§ **Task to complete**:
Transcribe the full listing without changing a word, and omit its pictures.

§ **Given material**:
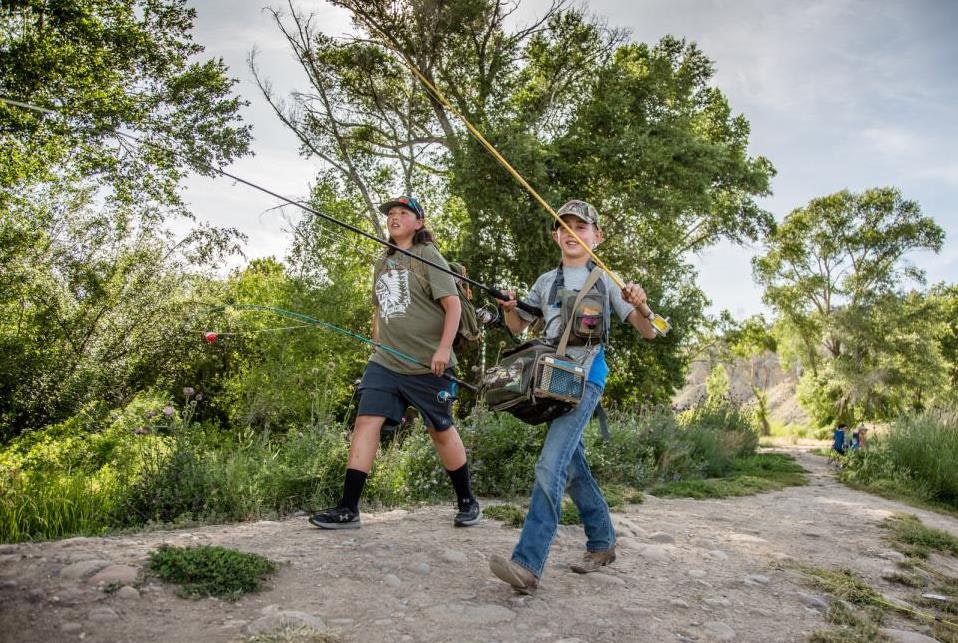 Two people walking on a path with fishing rods and gear surrounded by greenery and trees.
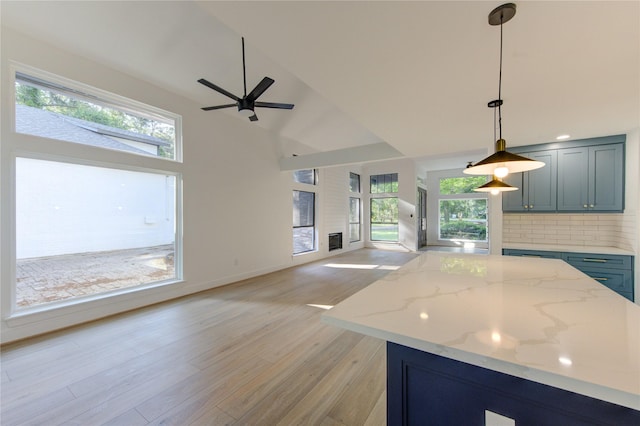kitchen featuring light stone counters, light wood-style flooring, ceiling fan, open floor plan, and hanging light fixtures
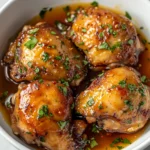 Spicy Honey-Glazed Chicken Thighs present a culinary experience that combines succulence with a sweet and spicy twist. The harmony between the glaze's sweetness and the heat from the hot sauce creates a delightful dish that is more than just a meal; it's a flavor-packed adventure on your plate. This dish is perfect for various occasions: whether it's a family dinner, a weekend gathering, or even a cozy night in, it caters to every palate craving something deliciously different.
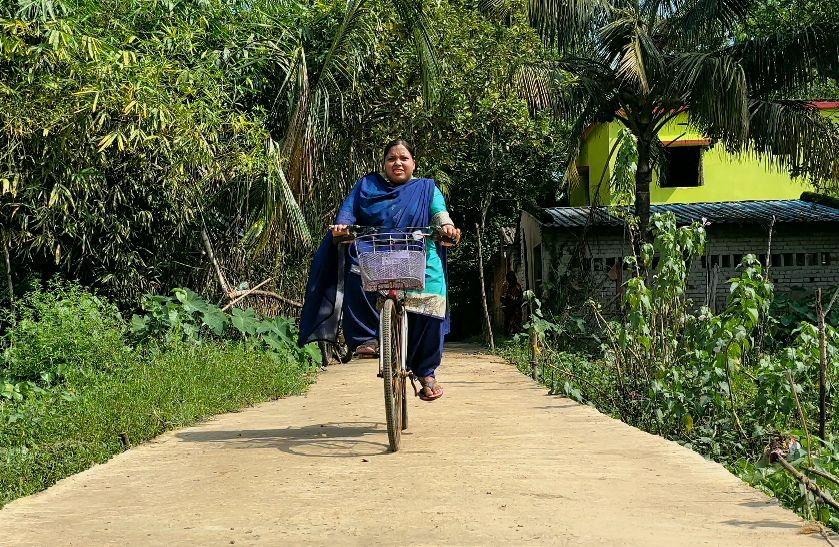 Person riding a bicycle on a sunny rural path bordered by lush greenery.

§ **Solved problem**:
 Two people walking on a path with fishing rods and gear surrounded by greenery and trees.
kitchen featuring light stone counters, light wood-style flooring, ceiling fan, open floor plan, and hanging light fixtures
 Spicy Honey-Glazed Chicken Thighs present a culinary experience that combines succulence with a sweet and spicy twist. The harmony between the glaze's sweetness and the heat from the hot sauce creates a delightful dish that is more than just a meal; it's a flavor-packed adventure on your plate. This dish is perfect for various occasions: whether it's a family dinner, a weekend gathering, or even a cozy night in, it caters to every palate craving something deliciously different.
 Person riding a bicycle on a sunny rural path bordered by lush greenery.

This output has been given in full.